Hanna Butler, IFRC

Out of a slumped, damaged building, Mohammed Yunus wades through waist-deep water.

“This is the first time in my life that I have seen a flood like this,” he says. “I wasn’t aware when the flood arrived. It came late at night. We had to quickly leave the house with our eight children.”

“Everything was left in the house and everything was washed away. We lost clothes, food, our water pump and things from the kitchen.

“I am usually a rice and jute farmer, but now my crops are flooded and ruined. I don’t know how we will survive. Who will help us?”

It is a question asked by many of those affected by the severe flooding in India. As water recedes in one of the country’s worst flood-hit areas, the full extent of the destruction and devastation begins to emerge.

The road into Sunali, a village in Bihar is flanked on either side by what looks like a lake.  But it isn’t a lake. It is where homes, crops and a school once stood. Now that school is flattened, its playground still under a metre of water. The school van is saturated and full of silt.

Both traditional style thatched houses and sturdier concrete dwellings have been swept from their foundations, testament to the severity of the disaster.

Most of the people living in this area are just like Mohammed, working as small-scale subsistence farmers who grow enough to eat and a little extra as income for basic necessities.

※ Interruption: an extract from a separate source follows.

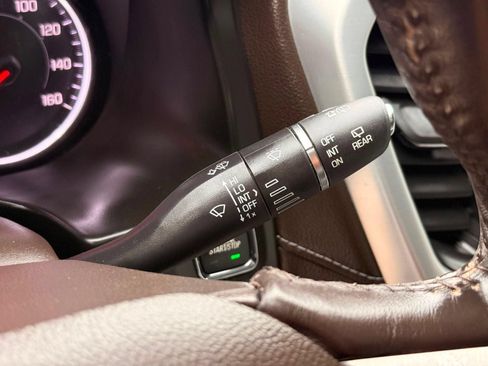 Used 2018 GMC Acadia SLT w/ LPO, Floor Liner Package FWD image 39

With the main food and livelihoods gone, the Indian Red Cross Katihar branch Chairman, Anil Chamaria, says it will be very lean times ahead for people in Sunali.

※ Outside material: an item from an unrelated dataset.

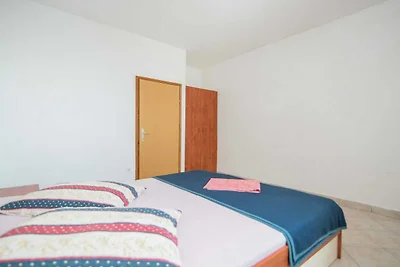 Apartments Neva- One Bedroom Apartment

“People will survive, but they will need help. This is one of the poorest states of India. People were already vulnerable before the flood,” he adds.

Anil and Red Cross volunteers, along with the government, have been providing initial response and relief to flood hit communities in Bihar since the onset of the disaster, but with 31 million people affected in India, the task is huge.

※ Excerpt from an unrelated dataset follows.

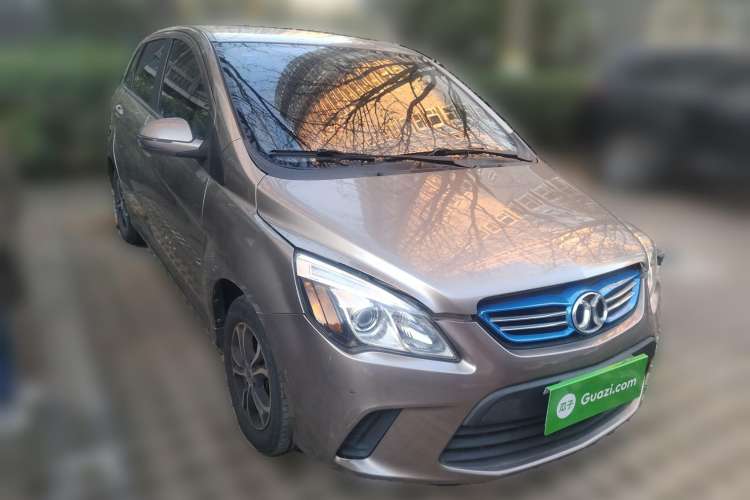 Used BAIC New Energy EV 2016 EV160 Light Edition Front Right 45 Deg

A few metres down the road past more flood-flattened homes, a young family cooks breakfast on a rare spot of dry ground surrounded by debris.

The makeshift kitchen sits among piles of broken roofing iron, collapsed walls and bits of what was Ansari and Allbjar’s life.

Ansari points to a muddy bit of land. “That is where our house used to be. A house with three rooms,” he says. “We escaped when the flood came and we just took the baby. We are now staying with our relatives. We are hoping for help because we have nothing left. We have no food; we have nothing.”

A crowd begins to gather around the young family, and hears the final question: was this the worst flood you have experienced? Ansari and Allbjar’s answer is clear and echoed by the crowd.

“Yes, it’s the worst flood we have ever had.”